In 2011 bleek dat er van elke euro gemiddeld 35 cent nodig was om de hulpgoederen per vliegtuig in het rampgebied te krijgen. Vervoer over water is natuurlijk goedkoper, maar heeft als nadeel dat de eerste containers pas een maand later in het rampgebied aankomen, terwijl er meteen hulp nodig is.

En dat niet alleen. Uit cijfers van de vorige grote ramp in Haïti blijkt dat personeel in rampgebieden duur is, met name omdat er veel hulporganisaties opereren. Hulpverleners kiezen dan voor de organisatie die het hoogste salaris kan betalen.

Tsunami zorgde voor professionalisering

Bekkers vindt dat hulporganisaties wel steeds transparanter worden over dat soort 'bijkomende' kosten. "Sinds de tsunami in 2004 beseffen hulporganisaties dat zij verantwoording af moeten leggen aan hun donateurs, die eisen dat ook.

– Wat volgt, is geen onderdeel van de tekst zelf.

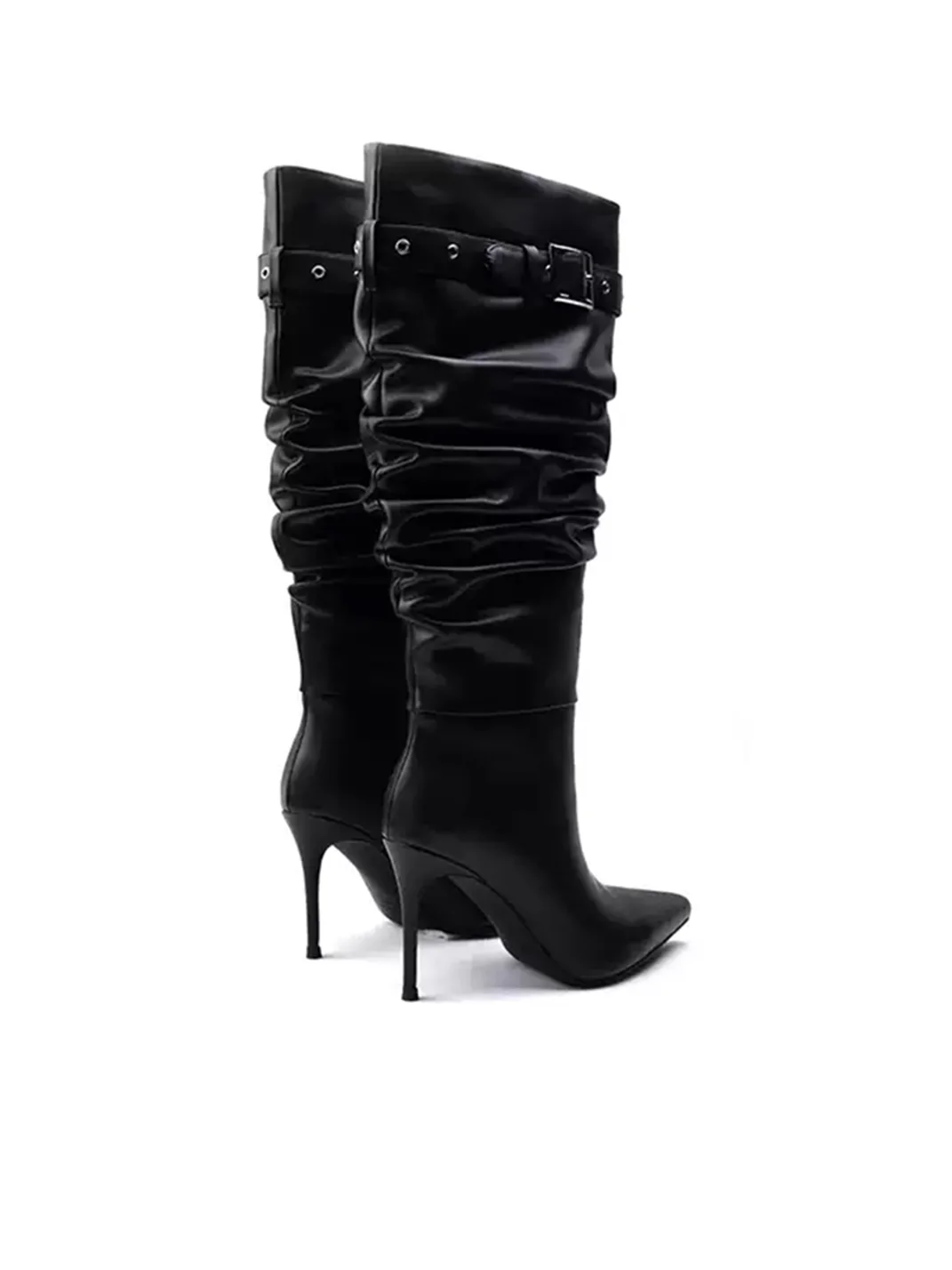 Colorful Bridge | Pleated Pointed-Toe Stiletto Tall Boots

Die roep om transparantie zette hulporganisaties op scherp waardoor ze efficiënter zijn gaan werken."

Maar alleen openheid lost de vertrouwensproblemen niet op. "Transparantie is geen oplossing voor wantrouwen. Mensen die vertrouwen hebben, zien in rapportages dat het moeilijk was om hulp te leveren. Wantrouwige mensen zien in transparantie hun gelijk: 'zie je wel, het geld blijft aan de strijkstok hangen.'"

Dronebeeld toont grote ravage in Haïti

Particuliere initiatieven

Dan maar doneren aan kleine, particuliere initiatieven? "Er zijn veel van dat soort vrijwilligers en dat is heel goed. Zij leveren nuttig werk. Het zijn vaak jonge, creatieve geesten die hulporganisaties aanvullen. Zulke projecten zorgen voor meer betrokkenheid dan geld storten, ze hebben een aanstekelijke functie." Denk bijvoorbeeld aan het inzamelen van geld en knuffels.

"Heel sympathiek", zegt Bekkers. Maar het zijn kleine projecten die een impact hebben op een kleine groep. "Absoluut niet efficiënt. Als je een rekensom maakt, blijken ze helemaal niet effectief."